* WORK REQUIRED
Exact copies of all the entries are required, and no pictures should appear in them.
▼
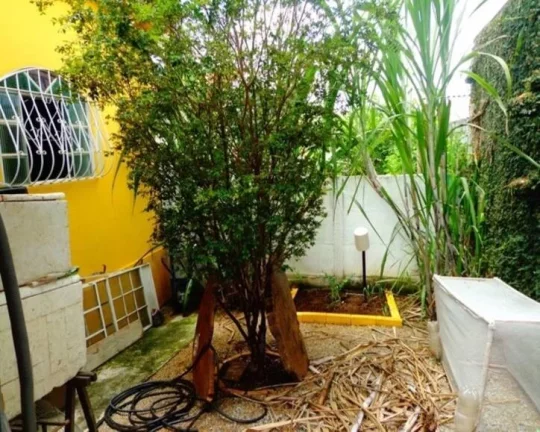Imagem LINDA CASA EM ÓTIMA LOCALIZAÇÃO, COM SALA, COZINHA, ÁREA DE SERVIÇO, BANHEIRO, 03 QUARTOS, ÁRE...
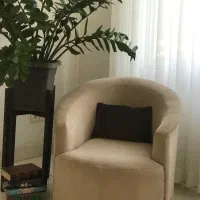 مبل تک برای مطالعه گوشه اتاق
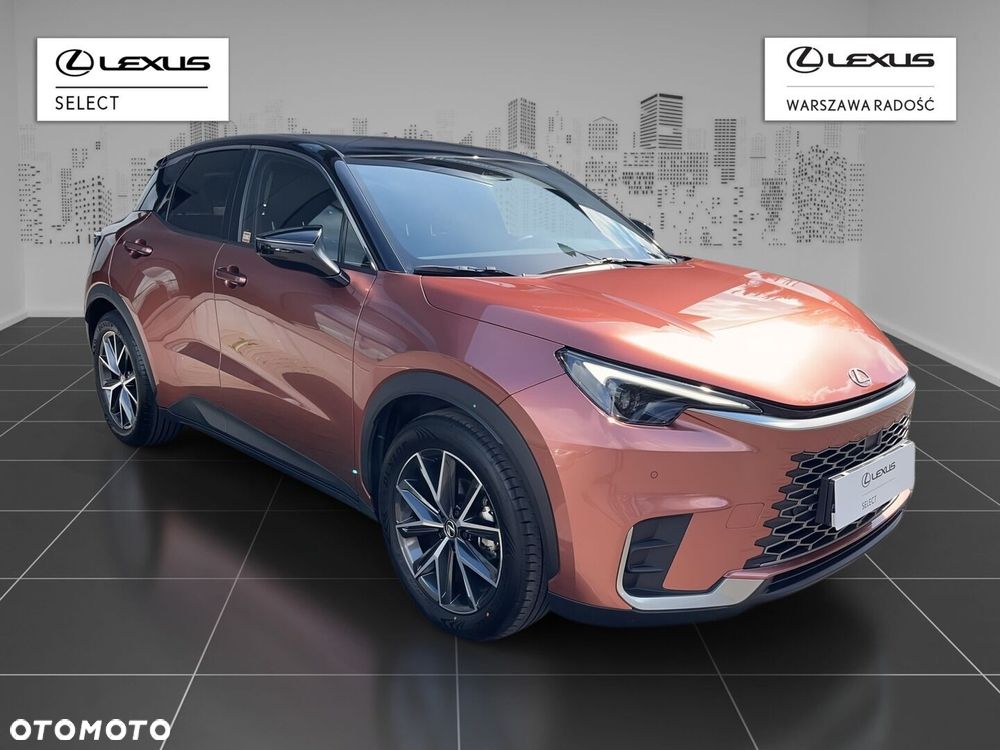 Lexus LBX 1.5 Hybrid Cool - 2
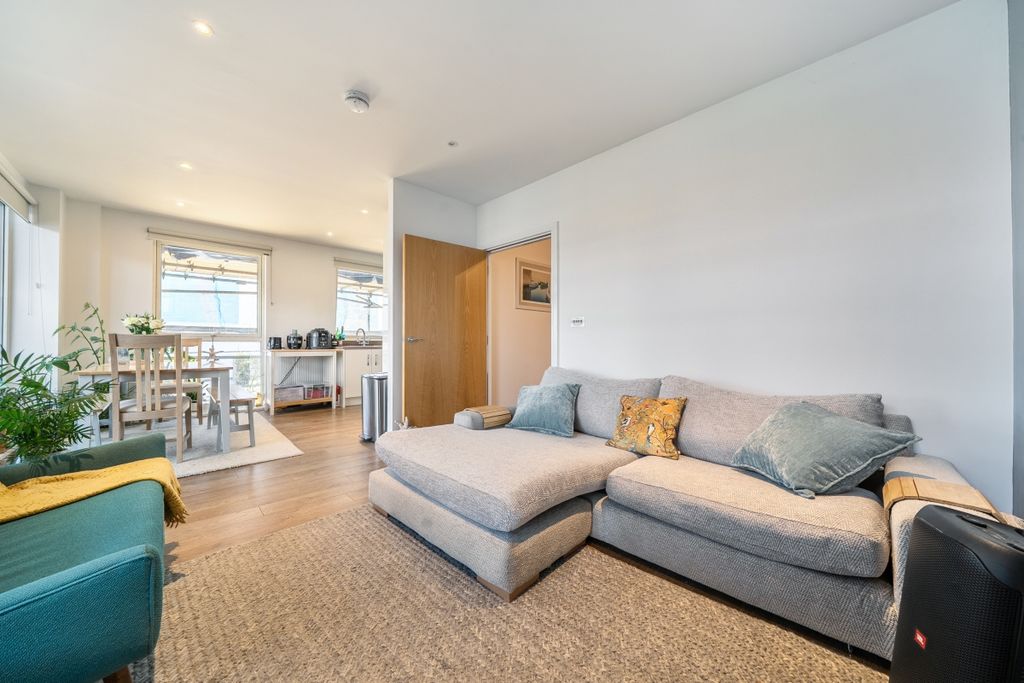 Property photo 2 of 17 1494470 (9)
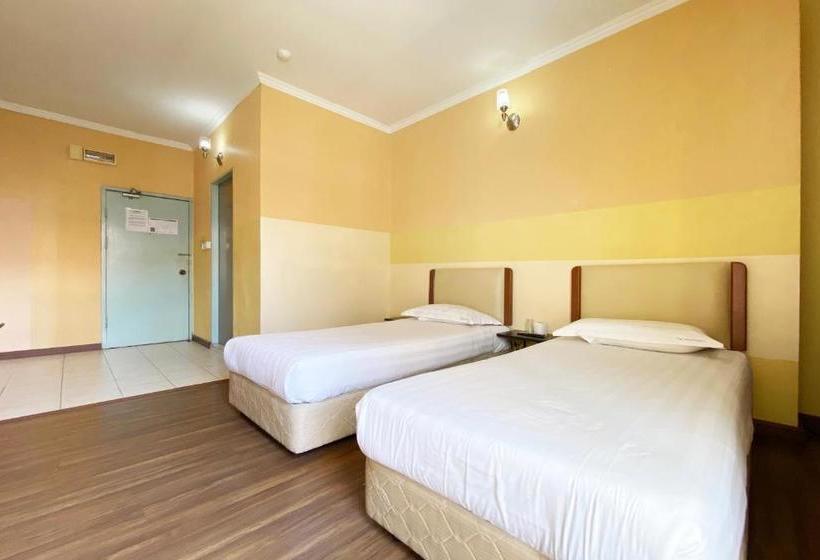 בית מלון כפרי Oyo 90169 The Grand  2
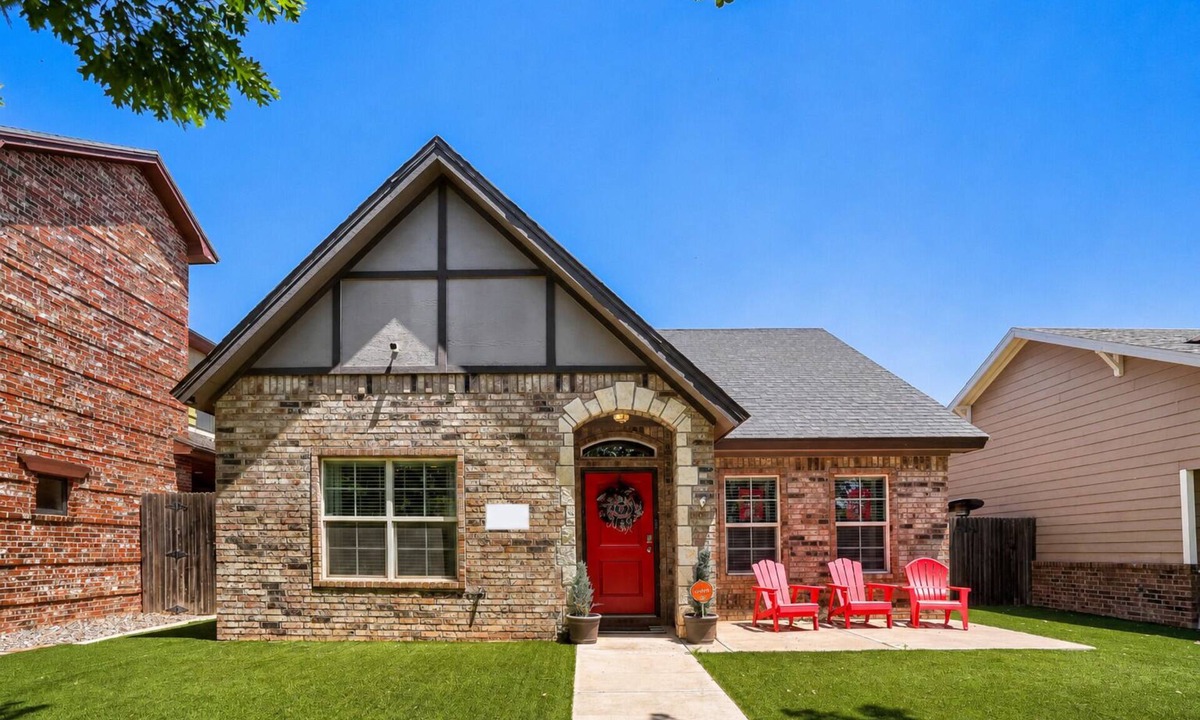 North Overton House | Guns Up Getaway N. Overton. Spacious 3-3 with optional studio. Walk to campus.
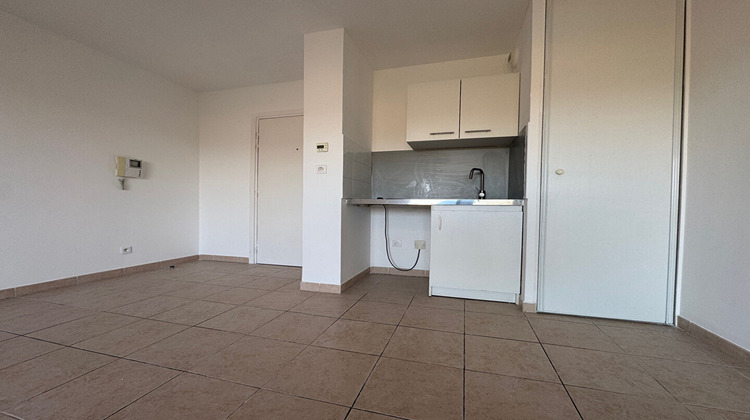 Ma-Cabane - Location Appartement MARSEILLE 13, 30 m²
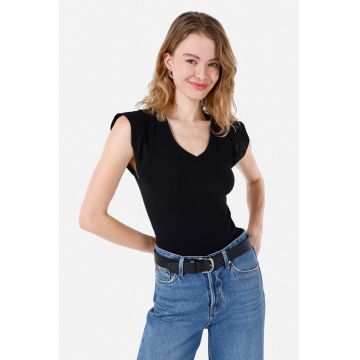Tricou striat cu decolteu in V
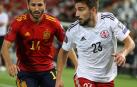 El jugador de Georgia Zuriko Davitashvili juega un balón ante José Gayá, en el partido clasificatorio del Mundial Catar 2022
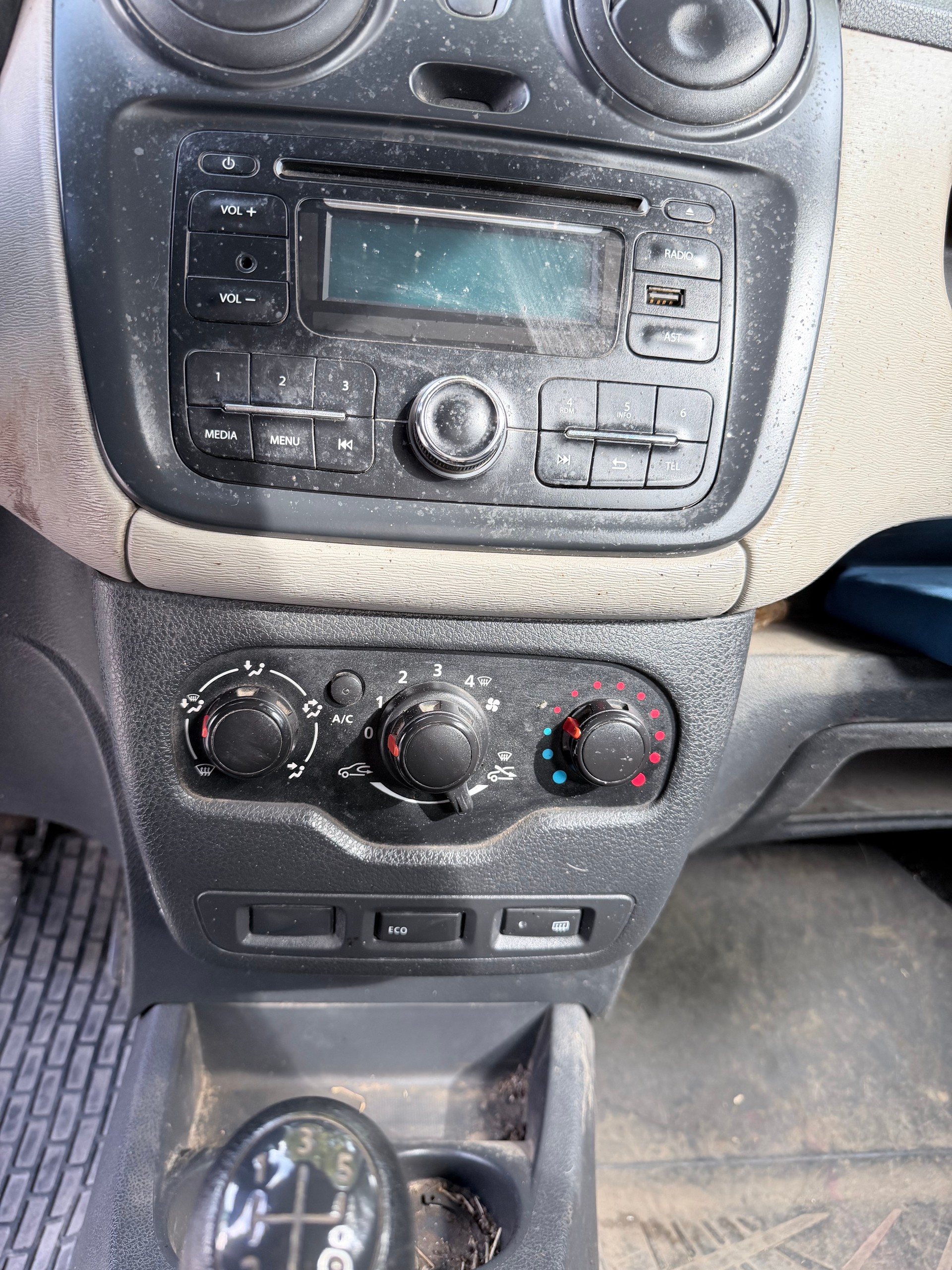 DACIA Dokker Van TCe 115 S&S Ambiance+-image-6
▲
* RESPONSE TO THE TASK
Imagem LINDA CASA EM ÓTIMA LOCALIZAÇÃO, COM SALA, COZINHA, ÁREA DE SERVIÇO, BANHEIRO, 03 QUARTOS, ÁRE...
 مبل تک برای مطالعه گوشه اتاق
 Lexus LBX 1.5 Hybrid Cool - 2
 Property photo 2 of 17 1494470 (9)
 בית מלון כפרי Oyo 90169 The Grand  2
 North Overton House | Guns Up Getaway N. Overton. Spacious 3-3 with optional studio. Walk to campus.
 Ma-Cabane - Location Appartement MARSEILLE 13, 30 m²
Tricou striat cu decolteu in V
 El jugador de Georgia Zuriko Davitashvili juega un balón ante José Gayá, en el partido clasificatorio del Mundial Catar 2022
 DACIA Dokker Van TCe 115 S&S Ambiance+-image-6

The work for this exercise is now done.